Write Machine Learning Algorithms From Scratch: Random Forest

2017-12-23

Introduction

Random Forest is a supervised classification algorithm, it can classify data according to various given features.

Assuming that we want to determine whether a person is male or female according to his/her weight, height and 100m-race time. Training data is as follows.

Person	Weight(kg)	Height(meter)	100m-race time(second)	Gender
A	50	1.62	18	Female
B	70	1.81	16	Male
C	60	1.72	15	Female
D	70	1.71	19	Male
E	52	1.69	17	Female

We can load these data and train them with the random forest classification algorithm. The model obtained from training could be used for prediction. E.g., We will be able to predict this person’s gender using the trained model.

Weight(kg)	Height(meter)	100m-race time(second)
60	1.62	16

Notice that we will mainly focus on how to use random forest and how to write the algorithm from scratch. We won’t dive into the esoteric mathematical principles behind it. After finishing this post, you will be able to understand various parameters seen in third-party random forest implementations.

All the code mentioned in the post is available for download. So please refer to the code if there’s anything unclear in the post.

Execution

Let’s first run the code that we will write, so we could know what it’s like.

Install Python3

Download code

1	git clone git@github.com:searene/demos.git && cd demos/RandomForest

Download Dependencies
1
pip install numpy pandas

Execution

python evaluate_random_forest.py
Average cross validation accuracy for 1 trees: 0.6887700534759359
Test accuracy for 1 trees: 0.6190476190476191
Average cross validation accuracy for 3 trees: 0.6898395721925135
Test accuracy for 3 trees: 0.8571428571428571
Average cross validation accuracy for 10 trees: 0.6983957219251338
Test accuracy for 10 trees: 0.7619047619047619

So you can see that, we get the highest accuracy with 3 trees, which is about 85%.

How It Works

Random Forest is rather complex, so let’s use an example.

Person	Weight(kg)	Height(meter)	100m-race time(second)	Gender
A	50	1.62	18	Female
B	70	1.81	16	Male
C	60	1.72	15	Female
D	70	1.71	19	Male
E	52	1.69	17	Female

We mentioned before that we could use these data to train our random forest model, in order to predict new items. So how to train? In fact, training is equivalent to building a tree here. Steps are as follows.

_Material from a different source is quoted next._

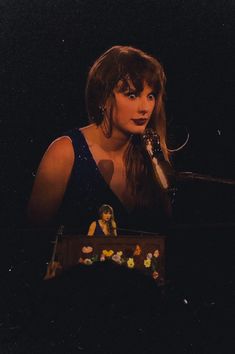 a woman with long hair holding a microphone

Based on D’s height, anyone whose height is less or equal to 1.71m belong to one group, and anyone whose height is greater than 1.71m belong to another group, then we get two groups(Don’t think too much about why to split in this way, this is just an example, we will talk about the reason in detail later).
1
2
3
4
A, B, C, D, E
/ \
/ \
A, D, E B, C
For group A, D, E, based on A’s 100m-race time, anyone whose time is less or equal to 18s belong to one group, and anyone whose time is greater than 18s belong to another group. The same goes to group B, C. Based on C’s height, anyone whose height is less than or equal to 1.72m belong to one group, and anyone whose height is greater than 1.72m belong to another group. After splitting, we get a tree like this.
1
2
3
4
5
6
7
A, B, C, D, E
/ \
/ \
B, C A, D, E
/ \ / \
/ \ / \
C B A, E D

Now only group A, E could be further split. So let’s base on A’s weight, anyone whose weight is less than or equal to 50kg belong to one group, and anyone whose weight is greater than 50kg belong to another group. After that, we mark each leaf node with their genders.

          A, B, C, D, E
         /             \
        /               \
      B, C            A, D, E
     /    \          /      \
    /      \        /        \
C(F)       B(M)   A, E       D(M)
                  /   \
                 /     \
               A(F)   E(M)

That’s it, a tree in the random forest! Now we can use this tree to predict new data. Assuming we want to predict this person’s gender:

Weight(kg)	Height(meter)	100m-race time(second)
60	1.62	16

Just like training, this person’s height is 1.62m, which is less than or equal to 1.71, so he/she belongs to group B, C in the second layer. Again, compare based on his/her height, which is less than or equal to 1.72m, so he/she belongs to leaf node C, which means the prediction result is Female. This is the whole process of prediction.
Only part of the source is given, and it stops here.